Poetic Lens

An Nguyen | Dec 11, 2024

Overview

Poetic Lens is an AI-powered pipeline that transforms photographs into poetry by combining computer vision and text generation. Using a webcam, the system captures images, analyzes their content with the BLIP vision model, and generates original poems inspired by what it “sees.”


AI Pipeline

  1. Capture a Photo — Take a picture using your webcam.
  2. Generate Caption — The BLIP model describes the photo (e.g., “a photograph of a beautiful sunset over mountains”).
  3. Create Prompt — The caption is truncated into a short poetic prompt (“beautiful sunset over”).
  4. Generate Poem — The fine-tuned GPT-2 model uses the prompt as a seed to generate an original, multi-stanza poem.
  5. Output — The final poem is saved to a text file and displayed in a pop-up window.
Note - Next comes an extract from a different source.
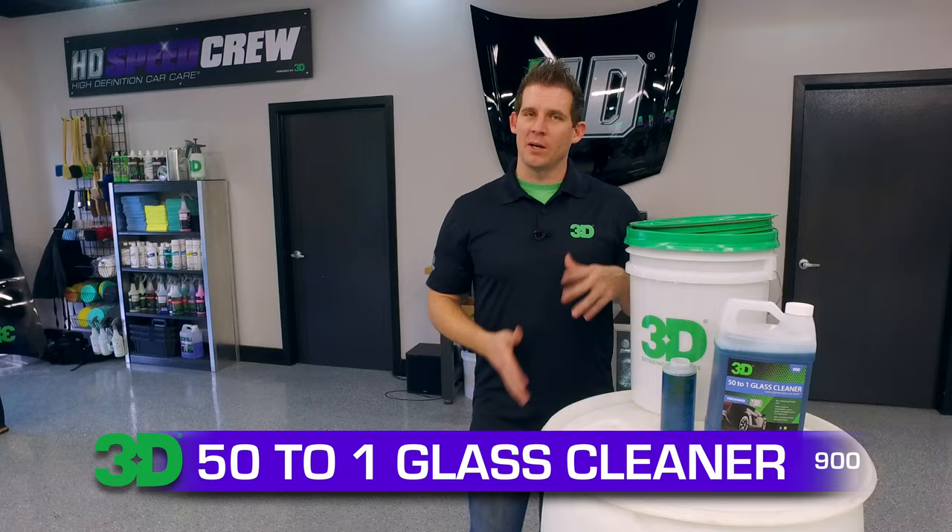Thank you for checking out 3D products. I'm Donald Williams. In this segment we're going to show you how to dilute the 50 to 1 glass cleaner properly. I'll also show you how some of the product works to make sure that you know that it's just as good as the ready mix glass cleaner.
📸 Camera → 🧠 BLIP Caption → ✍️ Prompt Extraction → 🪄 GPT-2 Poem Generation → 📄 poem.txt


Example

Input:
A photo of a woman by a window.

BLIP Caption:

“a woman sitting by a window”

Prompt Extracted:

“woman sitting by”

Generated Poem (excerpt):

a woman sitting by
the whispers of rain’s reply
folds the silence into rhyme
as day dissolves in time


Customization

The system is designed with modularity in mind. It can be easily reconfigured or retrained to explore different creative styles:

  • Adjust prompt length: Modify the truncation parameters in blip.py.
  • Control poem verbosity: Change the max_new_tokens parameter in gen_poem.py.
  • Retrain or fine-tune: Use different poetry datasets or fine-tune the GPT model on specific poetic styles.

References

This project builds on Andrej Karpathy’s GPT and Salesforce’s BLIP.